The Gidrosamlet Che-24, 26 and 29 are closely related light flying boats designed and built in Russia from 2010.

==Design and development==

The Ch-24, Che-26 and Che-29 are braced, parasol wing monoplane flying boats, which differ in the number and type of engines and in their seat numbers. The wings are identical, with no sweep and constant chord out to trapezoidal, upturned tips. Full span, slotted flaperons are fitted. There are two streamlined bracing struts on each side, one from mid-fuselage to about one third span and a shorter, more vertical one from higher on the fuselage. These are assisted by further light struts bracing the rear of the wing centre section via the cabin roof. The engines, one placed centrally on the Ch-24 and two on the other variants are all mounted above and forward of the wing leading edge.

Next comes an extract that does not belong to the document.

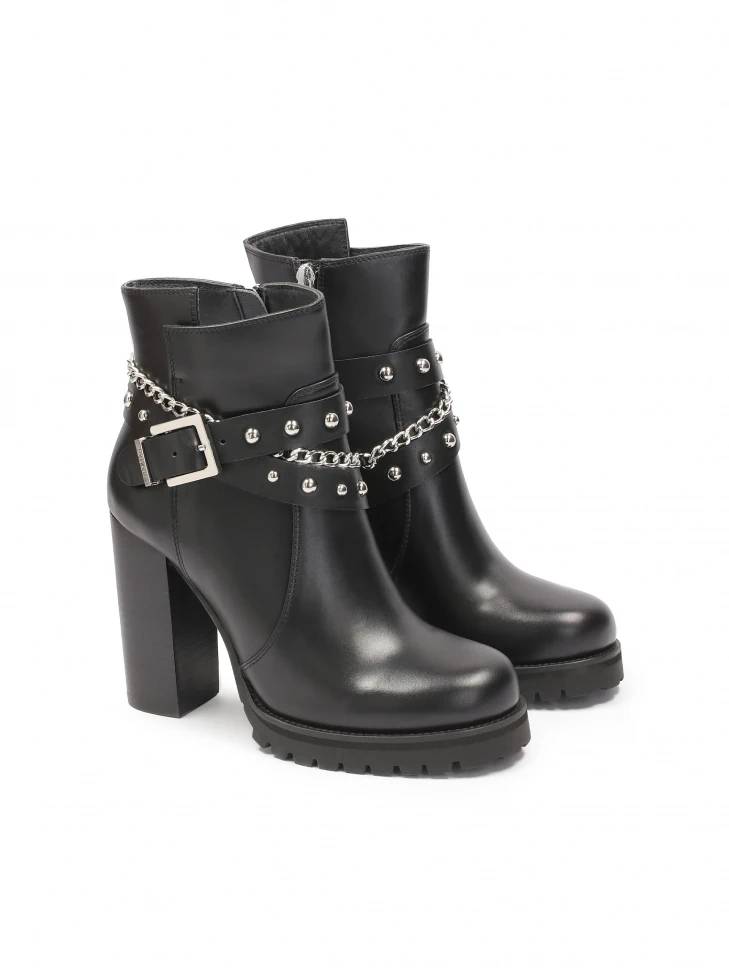Kazar Leather Boots Decorated With Silver Details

The fin, integral with the fuselage, and balanced rudder are swept, tapered and generous. The tailplane is mounted midway up the fin, externally braced from below. Both the rudder and elevators have electrically powered trim tabs.

The fuselage, a two step hull design, is a fibreglass structure on all models with the glazed cabin well below the wing underside. The two seat Che-24 and Che-26 have the same length, side by side seats and upward opening doors. The Che-29 is 400 mm longer and has a second pair of seats behind the first. Fixed wing tip floats, each mounted on parallel pairs of struts, provide stability on water where a water rudder under the fin is used for manoeuvring. All types have the option of an amphibious conventional undercarriage; the small mainwheels are on short cantilever legs which can be rotated upwards out of the water.

==Variants==
Data from Jane's All the World's Aircraft 2013-4 pp. 522–4
- Che-24
  Original version, as described below with single Rotax engine and two seats. First flown 18 October 2010.
- Che-26
  Twin engines, with a choice between 51.5 kW twin cylinder inline Sauer S650 or 48 kW Rotax 582. Empty weight as amphibian, 400 kg. Two seats.
- Che-29
  Twin engines, with a choice between 73.5 kW Rotax 912 ULS or 123 kW Subaru EJ25 water-cooled flat fours. 400 mm longer than the Che-24 and -26 and 310 kg heavier empty (Rotax 912 version) than the Che-26, with four seats. First flown 4 November 2011.